Looking at the ease with which you can shop, order food, and buy almost anything from the comforts of your home, it is difficult for consumers to resist and choose to save for their future. But we must not forget that our prime responsibility is to secure the future for ourselves and our loved ones. Even if you save in small amounts regularly and for a longer duration, it can help you build a decent corpus for your future requirements.Let’s understand why a long-term Mutual Fund (MF) investment is advantageous for the investors:
Mutual Funds: Why Long-Term investment?
Below are some of the reasons that make mutual funds more profitable in the long-run:
- The Benefit of Compounding The benefits of compounded interest lies in the fact that earnings generated over a period are reinvested. When you choose to invest for a longer horizon, the power of compounding helps you in maximizing the returns and investment growth.For Example: Let’s assume that you invest Rs 200000 in a mutual fund for the first year and earn a compound interest of 10% for that year. The principal amount for the second year will now be 200000 + 20000( 10% of 2000000) = Rs 220000. Likewise, the principal amount will keep growing, leading to higher returns.
- Mitigation of Market Risks Whether you choose to invest in bonds, equities, or other financial instruments, it is not possible to stay immune from market volatilities. When you invest for a longer term with a systematic approach, the volatilities can be managed as it tends to even out with time.
How to Plan Your Long-Term MF Investment?
Below are some of the strategies/ points you must keep in mind while investing in long-term mutual funds to improve the chances of profitability.
- Lumpsum investments are more beneficial when the market is low, whereas a SIP investment spreads overtime during both low and high market phases.
- It is easier to invest in SIP since smaller amounts are to be invested. Also, It is less stressful and does not require close monitoring all the time.
- SIP helps you to stay disciplined in your investment. Many banks allow automatic debit from your account as per your instructions.
- Diversify Your Portfolio It is not advisable to invest in multiple funds that invest in similar types of securities(stocks, gold, bonds, etc.). Rather you must invest in mutual funds that are dissimilar in terms of types of securities, industry or market capitalization, etc. The idea behind diversification is to spread the risk across different types of securities in a single portfolio.
- Consider Risk Appetite and Financial Goals While Portfolio Planning You must plan your portfolio, keeping in mind your risk-bearing capacity and the seriousness of your goal. The risk appetite must be based on your financial standing and current age as well. There is a thumb rule to find the ideal debt investment according to your age. As per this rule, your debt fund allocations must be equal to your age. Hence, as you grow older, you must move towards the debt from equity.For Example, if your age is 30 years, you may include 70% of equity funds and 30% of the debt, cash, and other stable instruments in your portfolio.Also, if you are creating a corpus for crucial goals like marriage, retirement, etc., you must keep your equity investments low, whereas it may be higher for less crucial goals such as travel plans.

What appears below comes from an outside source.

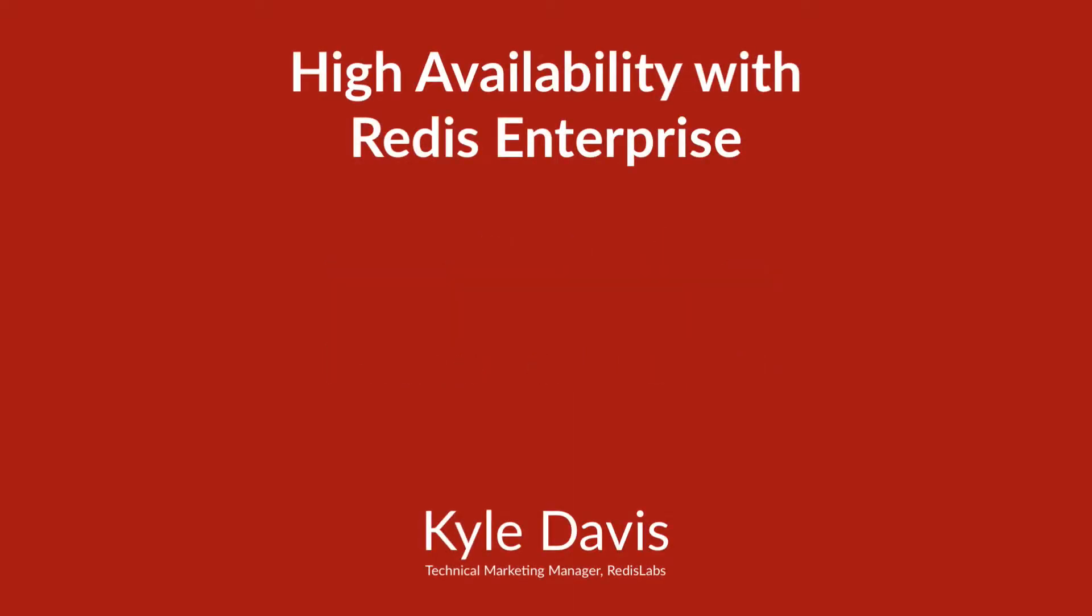Hi, my name is Kyle Davis and today we're going to talk about high availability and the features of Redis Enterprise that help to achieve that.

- Lumpsum Investment Vs SIP You can invest in mutual funds either through a systematic investment plan(SIP) or by making a one-time investment(Lump sum). A SIP calls for periodic investment such as daily, weekly, monthly, and so on. We must remember a few things while choosing an investment method:
- You may choose the investment route based on your income, financial stability, goals, and risk appetite.
- Review and Rebalance the Portfolio Regularly Since you are investing for a longer duration, you must keep a check on the funds in your portfolio. If any fund looks non-promising in the future, you may consider dropping it and rebalance the portfolio again.
Think Big, Think Long-term
A short-term investment in mutual funds may be profitable sometimes, but if you are looking for wealth creation to address your important financial goals, you must plan for a long-term investment. A well-diversified portfolio designed as per your risk appetite and goals can potentially generate the expected returns in a longer time horizon.
DISCLAIMER
The information contained herein is generic in nature and is meant for educational purposes only. Nothing here is to be construed as an investment or financial or taxation advice nor to be considered as an invitation or solicitation or advertisement for any financial product. Readers are advised to exercise discretion and should seek independent professional advice prior to making any investment decision in relation to any financial product. Aditya Birla Capital Group is not liable for any decision arising out of the use of this information.